Hebraica
La scuola elementare al tempo del Talmud

Sette anni di istruzione obbligatoria per tutti

L’insegnamento è un tema che già la Torà affronta, con particolare insistenza nel libro di Devarim/Deuteronomio. Qui, per esempio, ricorre nelle due prime pericopi che, unite a un brano di Bemidbar/Numeri, compongono lo Shemà. Nel primo brano della preghiera (Dt 6,4-9) si dice:

Saranno queste parole che io ti comando oggi sul tuo cuore, le ripeterai ai tuoi figli (veshinantam levanecha) e ne parlerai (vedibarta) con loro stando nella tua casa, camminando per la via, quando ti coricherai e quando ti alzerai.

Un messaggio ribadito impiegando un differente verbo, dunque con una sfumatura nuova, nel secondo brano (Dt 11,13-21):

Le insegnerete (velimadtem otam et-bnechem) parlandone (ledaber) con loro stando in casa, quando cammini per la via, quando ti coricherai e quando ti alzerai.

Nel primo passo abbiamo il verbo “ripetere” (veshinantam deriva dalla stessa radice di mishnà, ripetizione), nel secondo “insegnare” (velimadtem appartiene alla stessa area semantica di talmid, studente, e talmud, insegnamento). In entrambi segue un riferimento esplicito ai figli (levanecha/et-bnechem), il cui apprendimento avviene per via orale come chiarisce l’impiego del verbo “parlare” (vedibarta/ledaber).
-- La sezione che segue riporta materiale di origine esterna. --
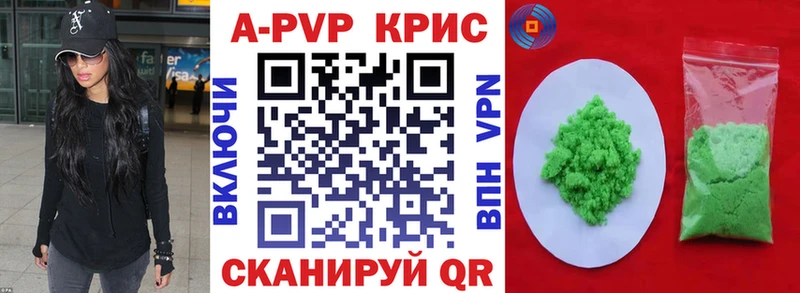Альфа ПВП VHQ Купить Касимов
Il midrash normativo di tipo esegetico Sifrè sul libro di Devarim puntualizza specificando che ogni padre dovrebbe insegnare al figlio la Torà in ebraico. D’altro canto grazie alla Mishnà, al Talmud e al Midrash conosciamo piuttosto bene il sistema di istruzione rabbinica, l’ambiente delle accademie e il discepolato. Sappiamo meno della fase intermedia, apparentemente stretta e quasi schiacciata tra l’educazione famigliare, in linea di principio di tutti, e l’apprendimento avanzato successivo all’età della maggiorità religiosa per una minoranza di allievi modello. Tuttavia nei testi fondamentali della tradizione rabbinica compaiono cenni e anche alcune discussioni tra maestri che ci danno elementi per ricostruire l’istruzione elementare al tempo della Mishnà e soprattutto del Talmud.
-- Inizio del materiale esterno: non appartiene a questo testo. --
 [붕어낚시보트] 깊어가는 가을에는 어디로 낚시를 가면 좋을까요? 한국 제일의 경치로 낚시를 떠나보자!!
Va anzitutto sottolineato che il contesto esistenziale della letteratura rabbinica, come ha scritto l’autorevole studioso tedesco Günter Stemberger, è costituito non soltanto da preghiera, esegesi e spiegazione omiletica nelle sinagoghe e dal sistema normativo-giudiziario, ma anche e in primo luogo dall’attività scolastica (Introduzione al Talmud e al Midrash, Città Nuova). Inoltre la scuola va intesa come il più potente veicolo di diffusione della civiltà rabbinica, che in età tardoantica e altomedievale si afferma progressivamente fino a imporsi quasi sull’intero mondo ebraico.
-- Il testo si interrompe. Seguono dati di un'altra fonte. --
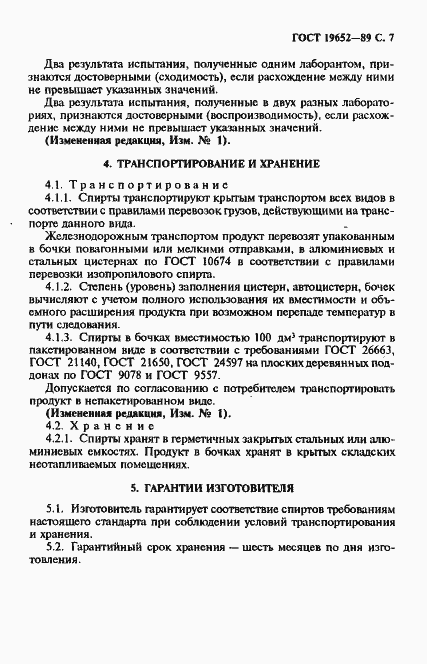 Страница 8 ГОСТ 19652-89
Stando al Talmud palestinese primo a stabilire l’obbligo della scuola elementare sarebbe stato Shimon ben Shetach con parole semplici ed essenziali: “I bambini devono andare a scuola”. Nel Talmud babilonese viene menzionato ed elogiato Yehoshua ben Gamla, sommo sacerdote pochi anni prima della grande rivolta contro Roma. Senza di lui, dicono i rabbini di età talmudica, la Torà sarebbe stata addirittura dimenticata. Esistevano già naturalmente forme di educazione famigliare, ma come è ovvio con enormi differenze tra le diverse famiglie. Viene portato inoltre come esempio il caso dei bambini senza genitori, destinati a crescere senza alcuna istruzione. Il problema andava tuttavia oltre il caso degli orfani a causa dell’incapacità di tanti genitori di fornire un’adeguata formazione ai figli. Allora i maestri istituirono una scuola a Gerusalemme per allievi di sedici e diciassette anni. Anche di questo modello però il Talmud sottolinea l’insufficienza quantitativa (una sola istituzione scolastica nella sola Gerusalemme) e qualitativa (l’età avanzata degli studenti), sottolineando la frequenza di problemi di condotta e abbandoni scolastici. Finalmente, conclude il Talmud, intervenne Yehoshua ben Gamla ordinando la fondazione di scuole in ogni provincia, città e villaggio, in modo da raccogliere tutti i bambini a partire dall’età di sei anni. Un ulteriore appunto rivolto da Rav al maestro di scuola Shmuel bar Shilat aggiunge un elemento non secondario alla vicenda. Non si accettino bambini di età inferiore ai sei anni, spiega Rav, per evitare le difficoltà di apprendimento a cui i più piccoli andrebbero altrimenti incontro.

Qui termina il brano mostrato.